4′-Nitro-5′-(p-tolylamino)-1′,2′-dihydrospiro[indoline-3,3′-pyrazol]-2-one (5b). Orange powder, yield: 91%, m.p: 178–180 °C; (TLC; hexane–EtOAc, 1 : 4, R_f = 0.269); IR (KBr): 3326, 3026, 3162, 1722, 1644, 1573, 1475, 1353, 1299, 1255, 1203, 1153, 1106, 877, 815, 626. ¹H NMR (300 MHz, DMSO-d₆) δ: 10.69 (1H, s, NH), 10.36 (1H, s, NH), 8.24 (1H, d, J = 7.5 Hz, Ar), 7.72 (2H, d, J = 8.2 Hz, Ar), 7.35–7.28 (3H, m, Ar), 6.97 (1H, t, J = 7.6 Hz, Ar), 6.88 (1H, d, J = 7.7 Hz, Ar), 5.89 (2H, s, NH), 2.35 (3H, s, Me); ¹³C NMR (75 MHz, DMSO-d₆) δ: 165.7, 157.4, 145.7, 144.0, 136.4, 134.4, 132.4, 129.9, 126.6, 122.2, 121.5, 117.4, 110.7, 72.8, 21.0.

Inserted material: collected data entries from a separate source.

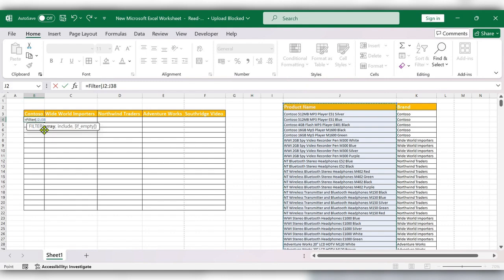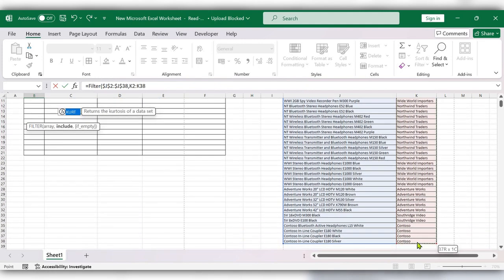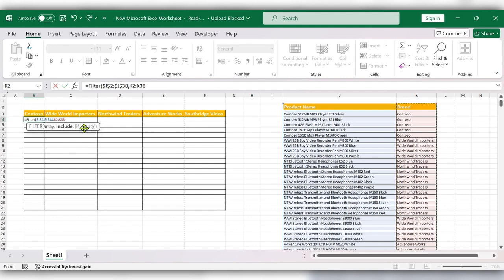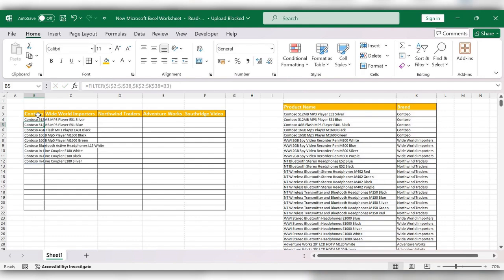Freeze the column by clicking F4, then comma, select the second column, click F4, equal to, select the brand name, close the bracket, click Enter. Now drag this to the table.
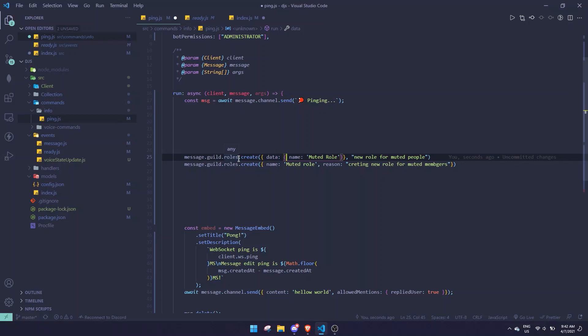Those are the biggest changes you need to make when converting to Discord.js version 13. I'll link a guide in the description if you want to see more changes — I'm not going to cover everything as it would take a few hours. For the next video I'll be making more Discord.js version 13 content such as buttons, slash commands, select dropdowns, and threads. Stay tuned, have a nice day, see you next video!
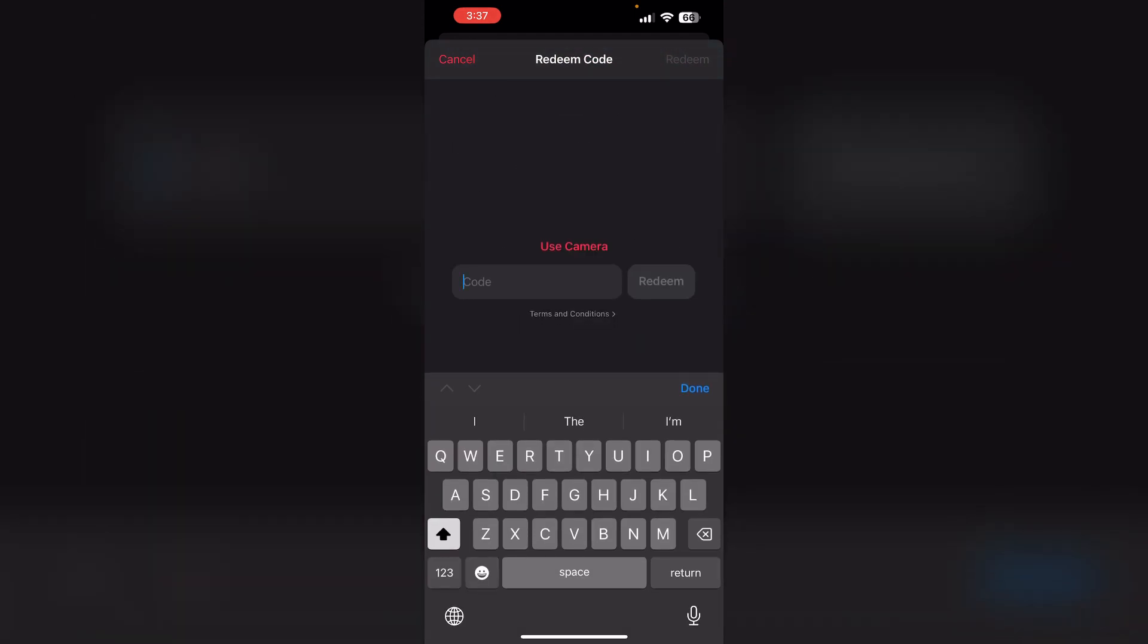2. Check subscription status. Confirm that you are not already subscribed to Apple Music. Some promotional codes may not apply to existing subscribers.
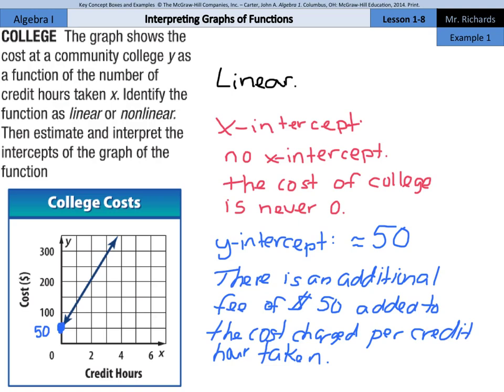As we summarize Example 1, this shows how to identify the graph of a function as linear or non-linear and how to interpret the intercepts. It is linear. There was no x-intercept, which means the cost is never going to be zero. The y-intercept, as we extend this function down, is about 50 — meaning even if we take zero credit hours, we still pay $50. That's a $50 charge added on top of the credit hours.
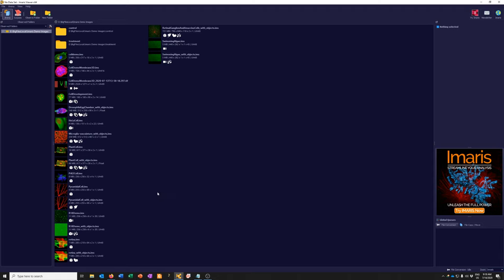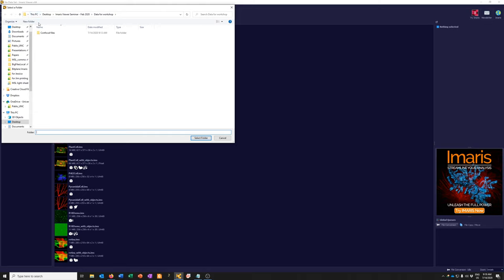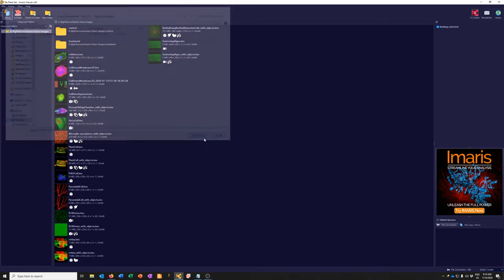In addition to the demo data, you can look at your own data. The way you do that is to put your data in a particular folder that Imaris Viewer can then observe with this nice display. I have on my desktop a folder prepared with a few representative data sets. To add a folder to Arena mode, click here on Observe Folder, navigate to where it is — I'll navigate to the Imaris Viewer seminar folder and the 'data for workshop' subfolder — then click Select.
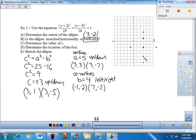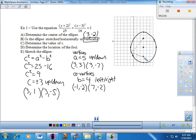Let's sketch this ellipse. Pick a point anywhere on the ellipse, measure its distance to each focus, and add those distances together. That sum would be the same as the sum from any other point on the ellipse — the sum is constant, just like we saw yesterday.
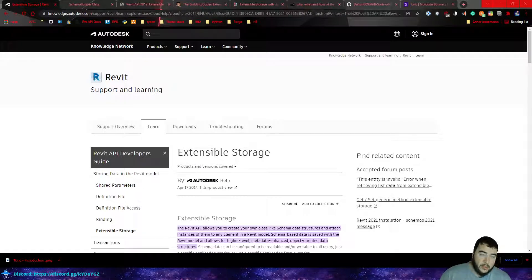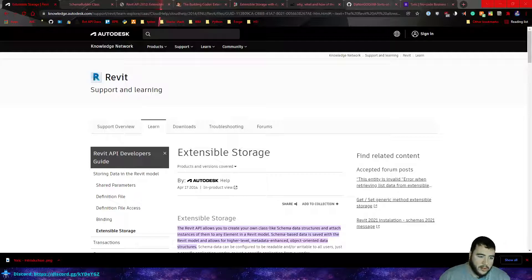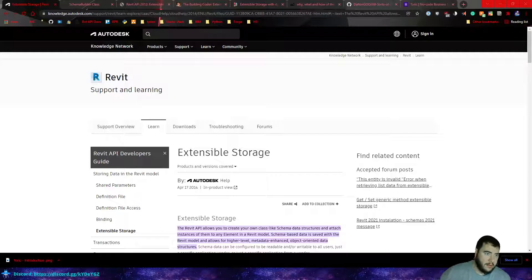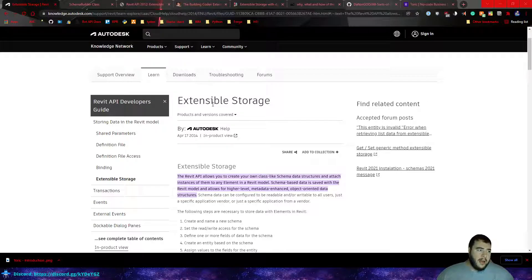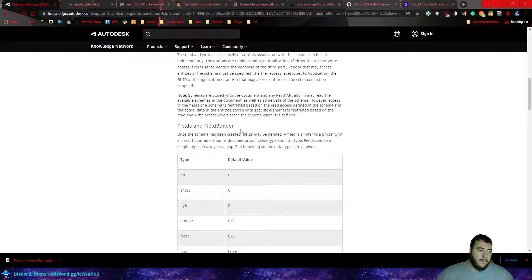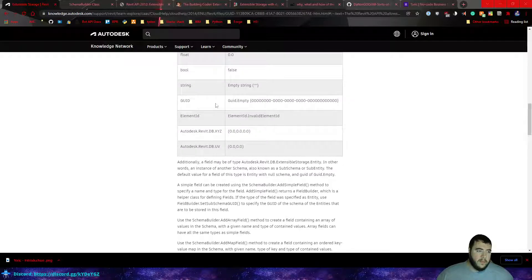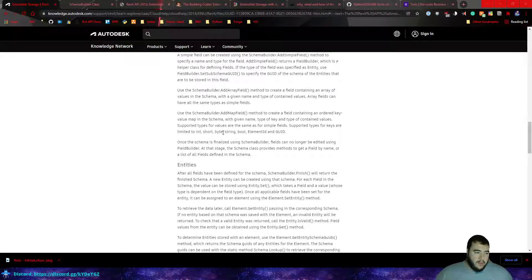Today I want to look at extensible storage, and I'm going to give you a module you can download from my GitHub. Essentially, extensible storage is the ability to store information about an object — information that pertains to that object — within the object itself. There's some information about it on the Autodesk site that talks about what it is, the values you can store in it, and other details.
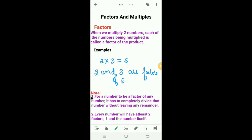Note: For a number to be a factor of any number, it has to completely divide that number without leaving any remainder. Second note: Every number will have at least two factors — one and the number itself.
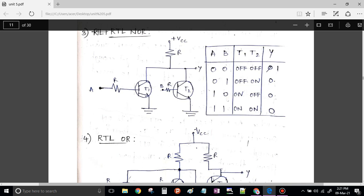I am applying input 0, 0 to both transistors. When 0 is given to each transistor, it is an open circuit — T1 is off, T2 is also off. When both are off, the circuit is open. Therefore the output is connected to your VCC and it is 1.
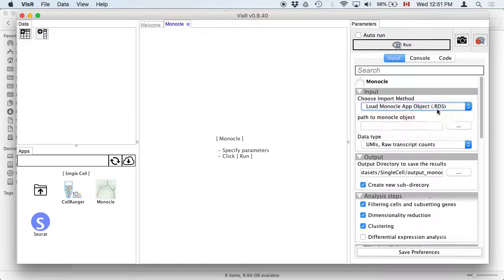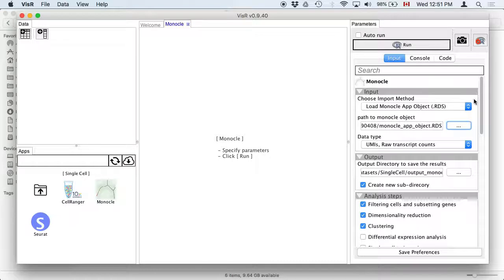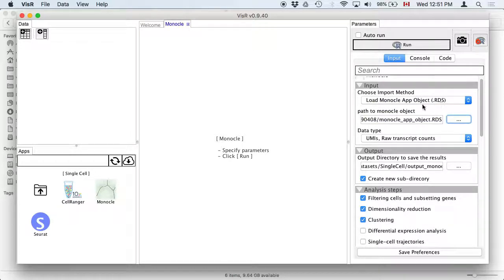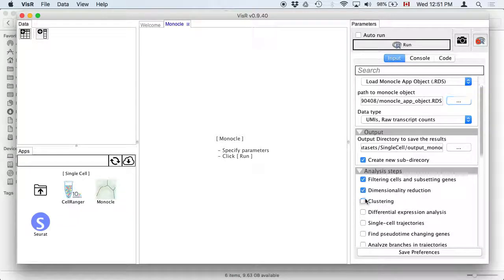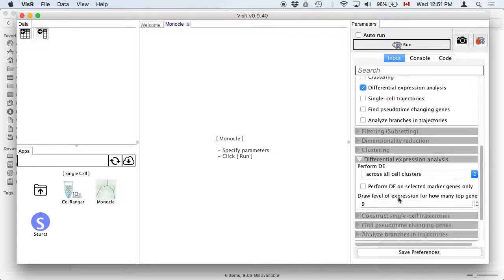If you already have an RDS file where certain steps are complete, you can tell the app not to redo those steps and only run, say, the differential expression analysis. You only need to specify parameters for that step. This is useful if you're looking at your plots and a threshold doesn't feel right — you want to redo that step and everything afterwards without waiting another hour for the pre-existing steps to re-run.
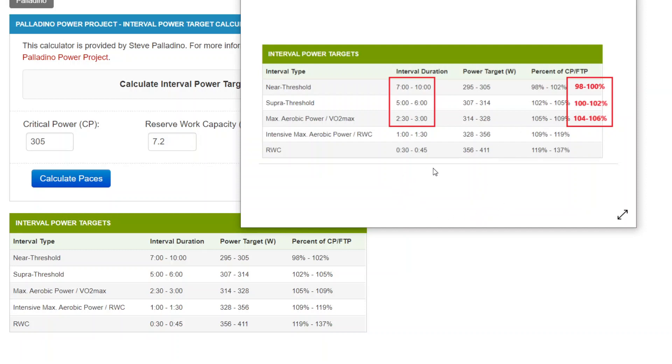So the first point I want to make is when to use this calculator to generate interval power targets. Well, you want to have some experience doing intervals, so they're not completely foreign to you.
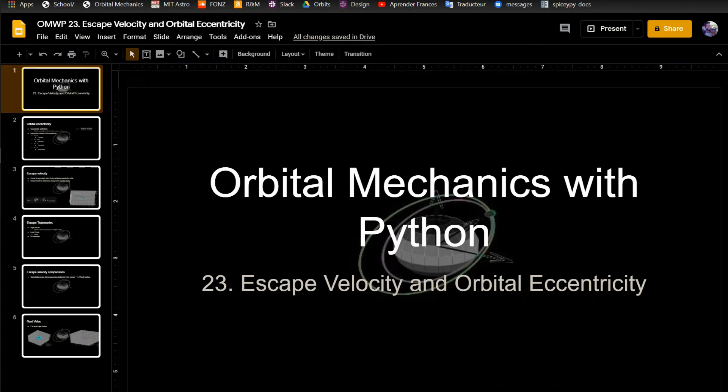This is the 23rd video in the video series of orbital mechanics with Python. This one I'm going to be going over escape velocity and orbital eccentricity.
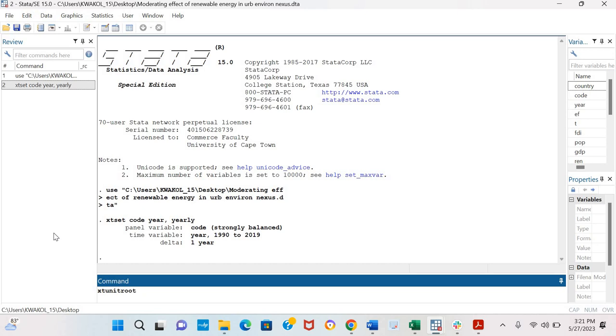And so we're going to be including IPS into the command and I want to test for stationarity of the log of CO2 emissions. I click enter.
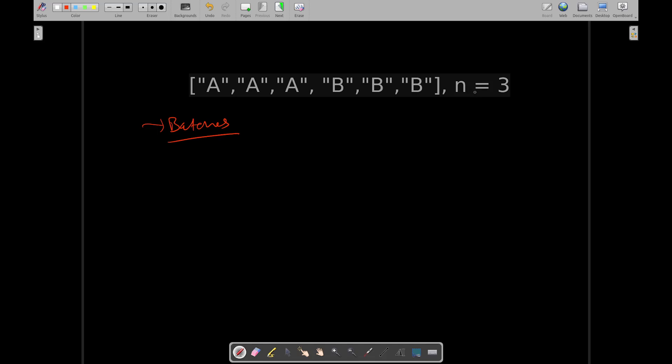As you can see, A is occurring three times and B is occurring three times. So what is the, whatever task you may like to pick, you can pick, let's say I decide to pick A task.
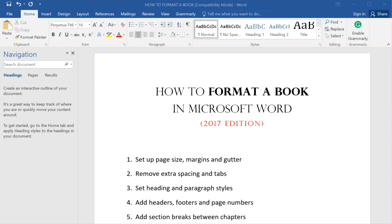Hi, this is Derek Murphy from creativeindie.com. I'm going to start making a video series on how to format a book in Microsoft Word, and I'm doing this at the beginning of 2017.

5′-((4-Hydroxyphenyl)amino)-4′-nitro-1′,2′-dihydrospiro[indoline-3,3′-pyrazol]-2-one (5c). Orange powder, yield: 91%, m.p: 201–203 °C; (TLC; hexane–EtOAc, 1 : 4, R_f = 0.265); IR (KBr): 3289, 3261, 3170, 3077, 2952, 1716, 1635, 1590, 1514, 1494, 1427, 1259, 1106, 1018, 941, 854, 800, 713; ¹H NMR (300 MHz, DMSO-d₆) δ: 13.42 (1H, s, OH), 11.27 (1H, s, NH), 10.86 (1H, s, NH), 8.22 (1H, d, J = 7.6 Hz, Ar), 7.45–735 (3H, m, Ar), 7.10 (1H, t, J = 7.6 Hz, Ar), 6.93 (2H, dd, J = 15.7, 7.7 Hz, Ar), 6.98–6.75 (3H, m, Ar), 6.17 (2H, s, NH); ¹³C NMR (75 MHz, DMSO-d₆) δ: 163.0, 159.3, 151.7, 145.5, 142.9, 135.9, 134.3, 132.1, 129.6, 122.9, 122.5, 119.9, 117.1, 111.7, 74.9; anal. calcd for C₁₆H₁₃N₅O₄: C, 56.64; H, 3.86; N, 20.64. Found: C, 56.23; H, 3.65; N, 20.85.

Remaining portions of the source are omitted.